[Opening RECORDS FOR THE EXERCISE section]

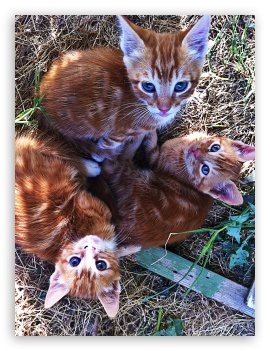 Cats UltraHD Wallpaper for Mobile 3:4 ;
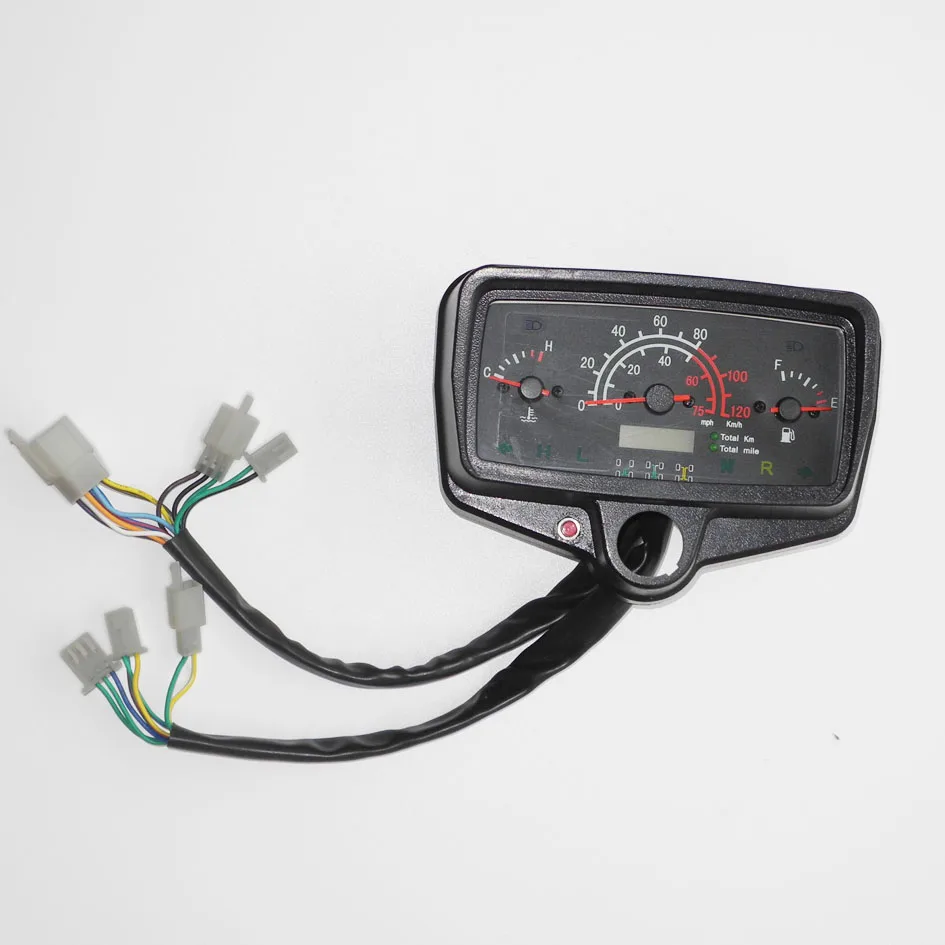 Speeo meter 2010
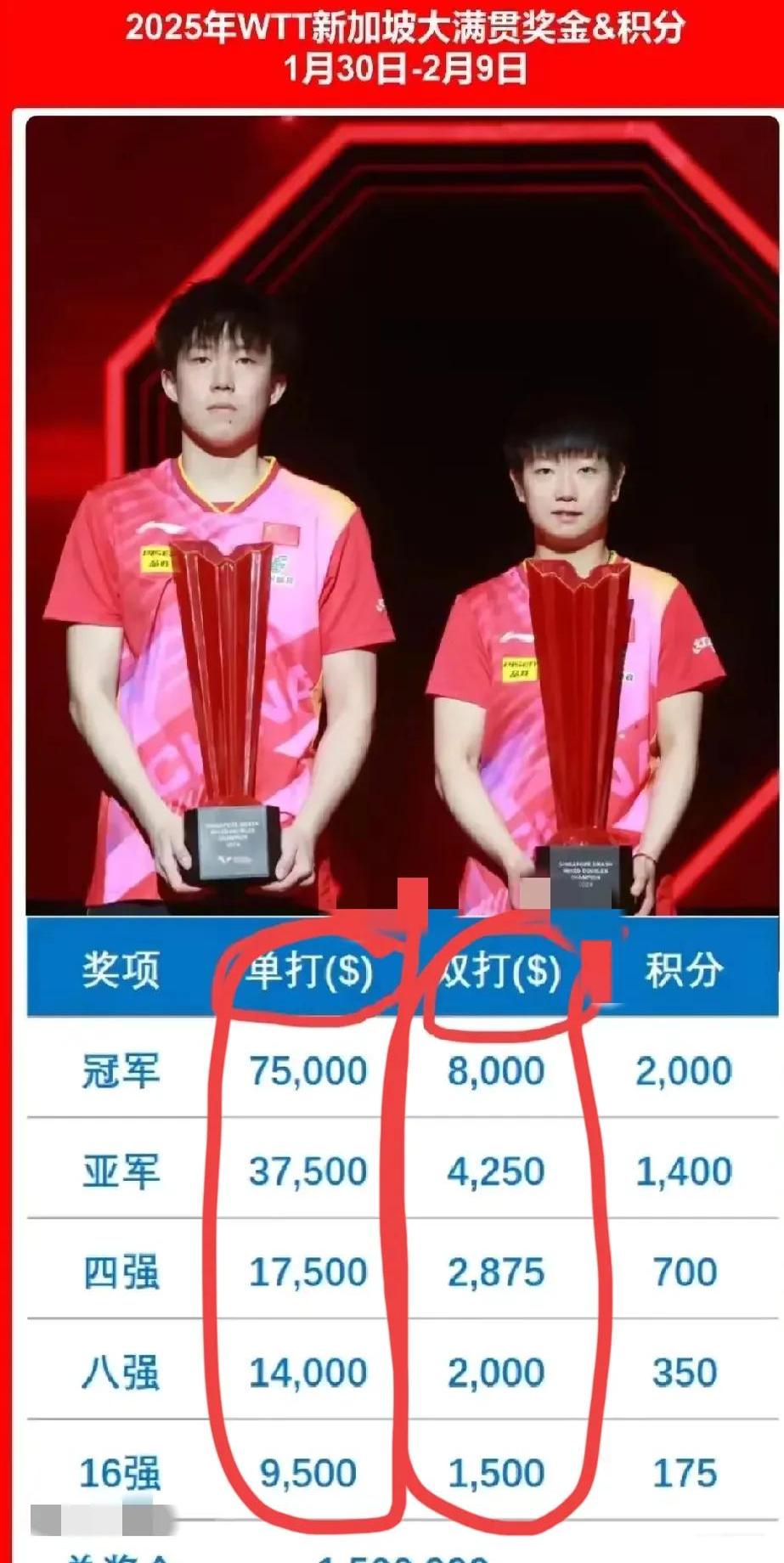 新晋选手击败老牌强手，创造奇迹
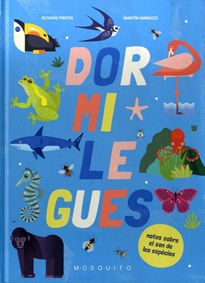 Books Frontpage Dormilegues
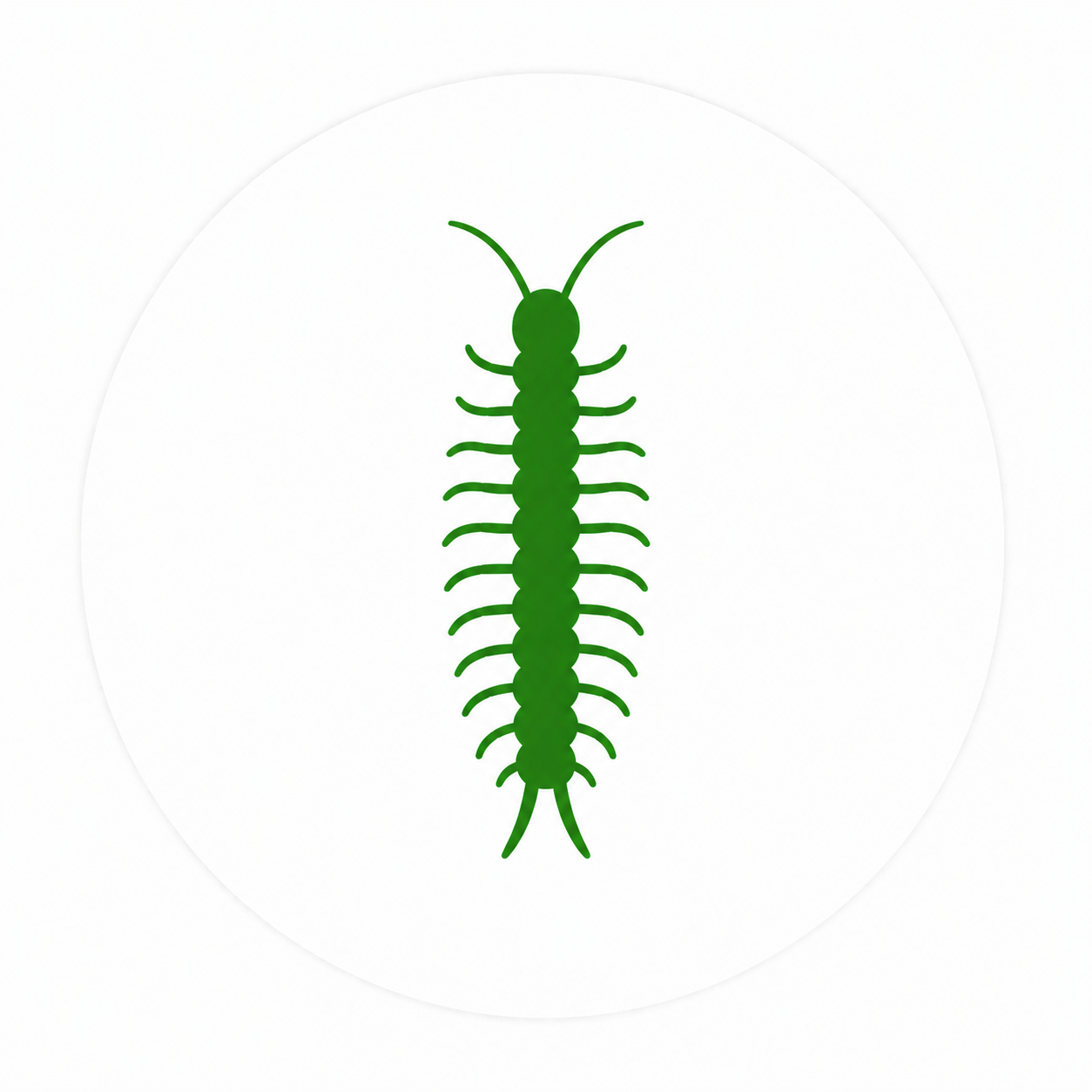 Centipede pest control for homes in Oklahoma City and Edmond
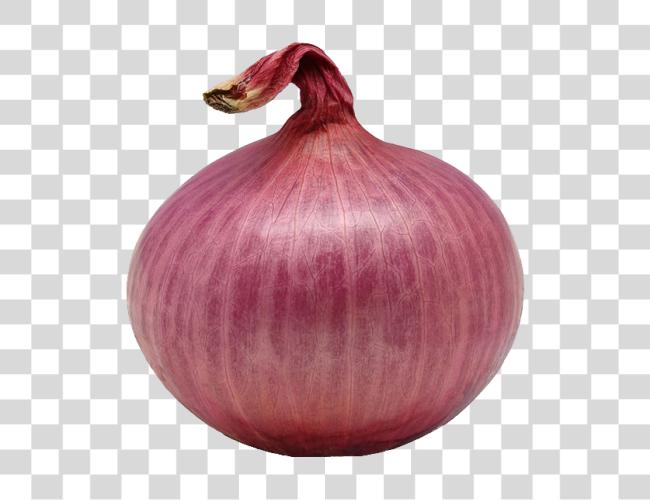 تحميل Single Onion Image Single Onion مقطوعة فن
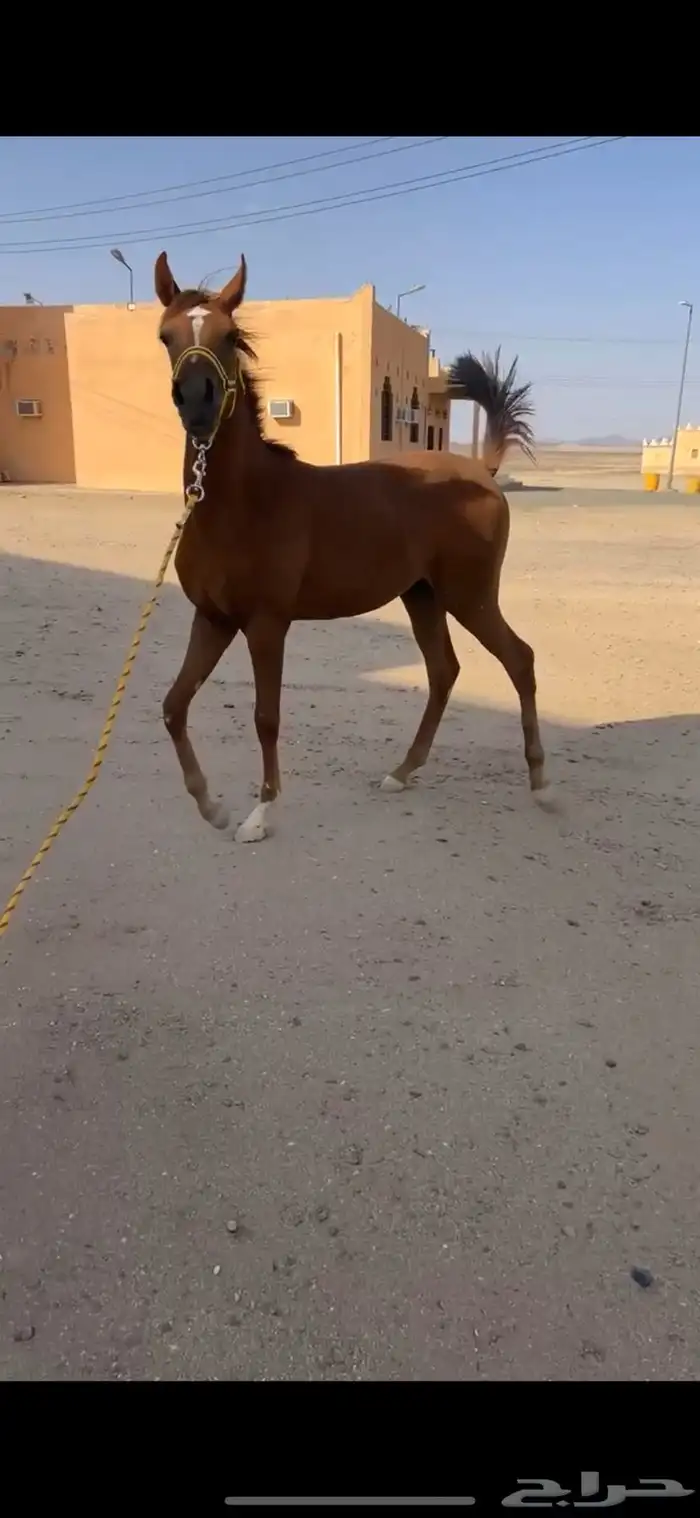 مهره العمر سبع شهور تقريبا 1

[Closing RECORDS FOR THE EXERCISE section]

Write out exactly the lines from the one containing "Books Frontpage Dormilegues" to the last line of the records above, both included, and leave out any pictures.

### RESPONSE AREA
 Books Frontpage Dormilegues
 Centipede pest control for homes in Oklahoma City and Edmond
 تحميل Single Onion Image Single Onion مقطوعة فن
 مهره العمر سبع شهور تقريبا 1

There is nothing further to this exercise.